Brevard Business News
- Type: Weekly newspaper
- Format: Tabloid
- Owner: Adrienne B. Roth
- Publisher: Brevard Business News Inc.
- Editor: Ken Datzman
- Founded: 1981
- Language: English
- Headquarters: 4300 Fortune Place Suite D Melbourne, Florida
- Circulation: 10,000 weekly
- Sister newspapers: Brevard Business News is an independent publication
- ISSN: 0889-5104
- OCLC number: 13920007
- Website: brevardbusinessnews.com

= Brevard Business News =

Weekly newspaper in Melbourne, Florida, United States

Brevard Business News is a weekly newspaper in Melbourne, Florida, United States, covering business news and trends for the Space Coast region of Central Florida. Coverage also includes non-profit organizations and educational institutions, health, technology and commerce, and other issues at the local and national level.

It publishes every Monday. By 1987, circulation reached 10,000.

==History==
Fred Krupski started Brevard Business News with a partner in 1981 and served as its president and publisher. Krupski, a Native of Philadelphia, Pennsylvania, worked in journalism for several years and helped start the Orlando daily before founding the Brevard Business News. During its early years, it was published bi-monthly, but changed to weekly. The office was originally located in Cocoa but moved to Melbourne.

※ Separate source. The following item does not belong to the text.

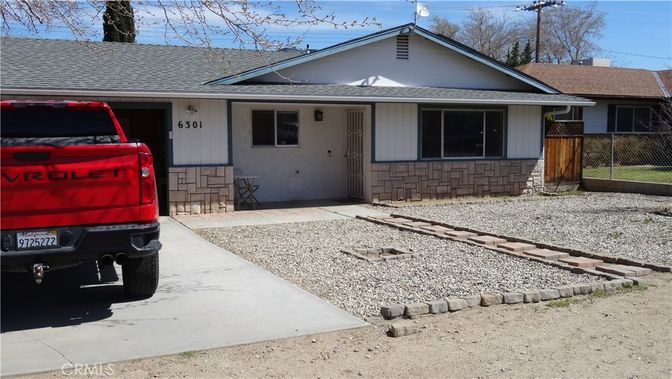Exterior, Facade, Ranch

Ken Datzman served as the editor.

Adrienne B. Roth purchased it in 1986. Krupski continued reporting on business issues and eventually founded the News Observer in Titusville, Florida, where he served as the publisher.

In 1988, Central Brevard Women's Network awarded Brevard Business News with the Eleanor Outstanding Achievement Award for making "significant contributions to women's issues, interests and financial welfare." In 2002, the Melbourne-Palm Bay Area Chamber of Commerce recognized Brevard Business News for contributions in media to the "public and the business community" at the 17th-annual Business Achievement Awards.